Feature article: Slash unemployment with Job Seekers Exemption Certificates

Allowing mass unemployment to steadily increase is not only cruel but unnecessary. All that is necessary is to exempt the unemployed from all, or the most onerous, sections of the Labour Relations Act, and give them exemption certificates that allow them to enter into employment contracts with employers on any conditions they choose. Give the power to the jobless. Give them back their right to contract. Give them the freedom to make their own decisions about their own lives. Give them the advantage of a document that harms no one but gives them a 100% better chance of getting a job.

Mass unemployment can be overcome

Critics of SA’s labour laws, with good reason, blame the laws for keeping 8.2 million potential workers unemployed.

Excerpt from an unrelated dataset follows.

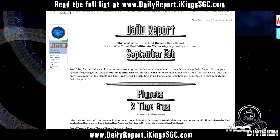This list does not contain all the planets and time eras — it only reveals a few of them. We will be including more planets and time eras, which will be revealed in upcoming iKings Daily Reports once I feel better.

Job seekers, for their part, cannot understand why they are unable to find jobs. Given the fact that they are constantly turned away, they conclude that potential employers will not employ them at any price, not even it they are prepared to work for transport and food just to get work experience.

Under the right circumstances nobody should be unemployed except those who do not want to work. Potential employers should be able to explore ways to co-operate with job seekers in mutually beneficial activities. Excessively onerous regulations and requirements currently prevent the formation of innovative and creative enterprises that would absorb available labour.

Minimum wages during apartheid
The author of South Africa’s War Against Capitalism, economist Walter Williams, described how minimum wages were used to exclude blacks from jobs during the apartheid era: ‘… white unionists argued that ‘in the absence of statutory minimum wages, employers found it profitable to supplant highly trained (and usually highly paid) Europeans by less efficient but cheaper non-whites.’ One South African union leader said, ‘There is no job reservation left in the building industry, and in the circumstances I support the rate for the job (minimum wages) as the second best way of protecting our white artisans.’

Those unionists were clear and open about their objectives, which is unusual. Most often, the call for minimum wages is disguised as a method to assist low-paid workers and reduce poverty.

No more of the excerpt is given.